*THE TASK*.
Using the records below, write out only the lines from the line containing "yahou555's tweet photo. 【戦車・機動戦闘車関連まとめスレッド】" up to and including the line containing "武器学校で撮影した各種機甲科", exactly, with no pictures.

*DATA LISTING*.
= = = =

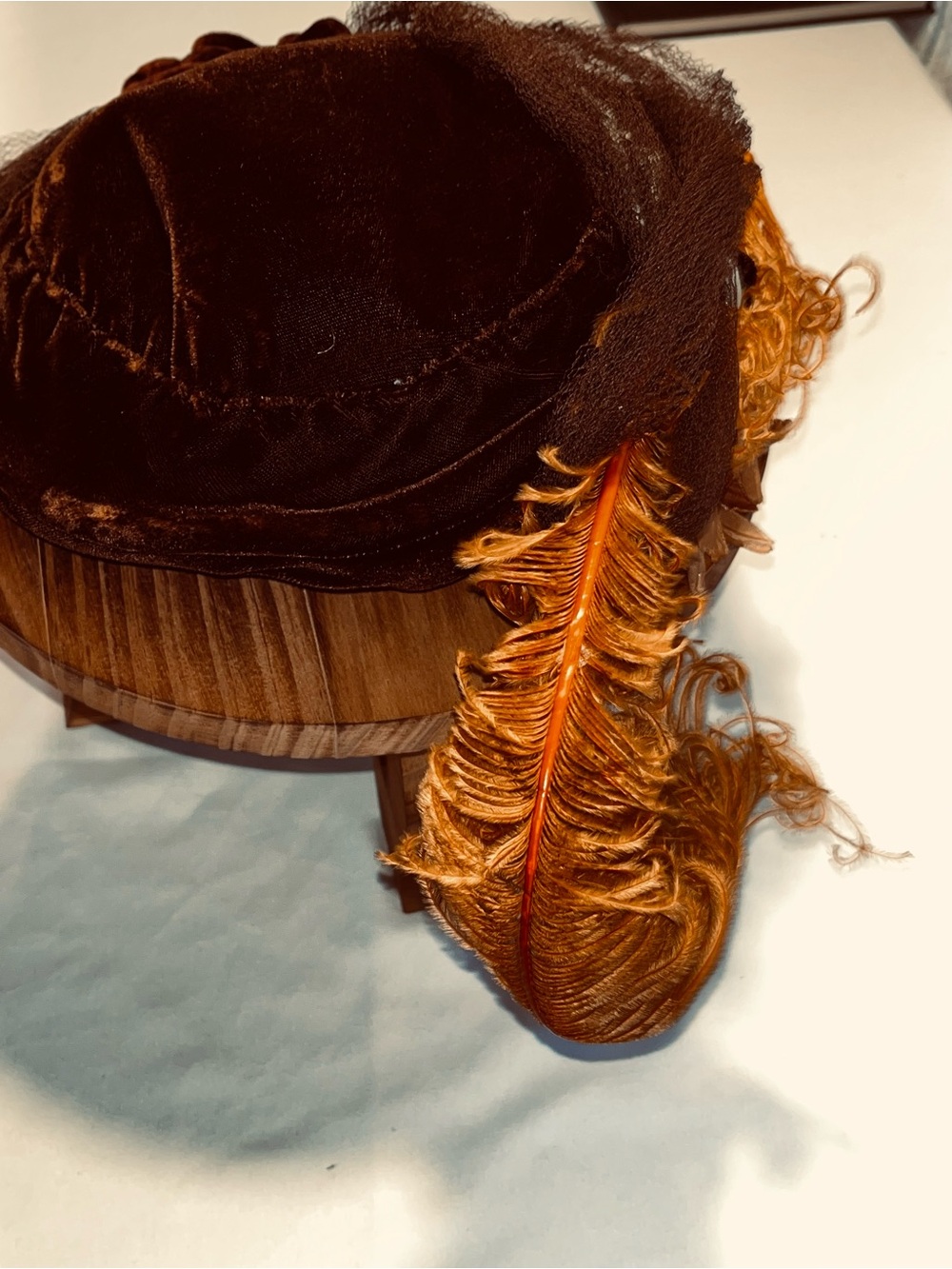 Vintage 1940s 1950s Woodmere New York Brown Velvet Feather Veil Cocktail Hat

= = = =

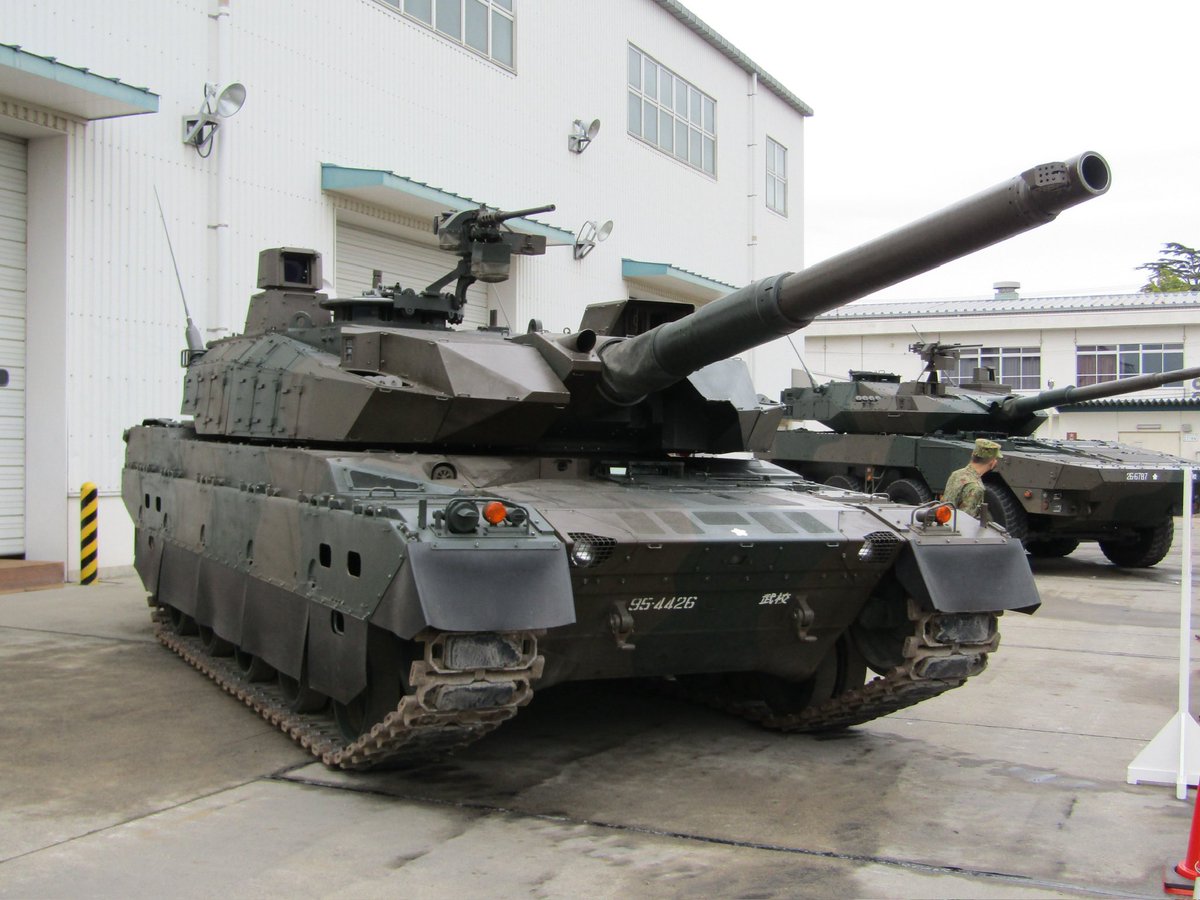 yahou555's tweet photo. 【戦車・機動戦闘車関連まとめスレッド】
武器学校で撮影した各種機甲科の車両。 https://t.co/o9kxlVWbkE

= = = =

*EXERCISE RESULT*.
 yahou555's tweet photo. 【戦車・機動戦闘車関連まとめスレッド】
武器学校で撮影した各種機甲科の車両。 https://t.co/o9kxlVWbkE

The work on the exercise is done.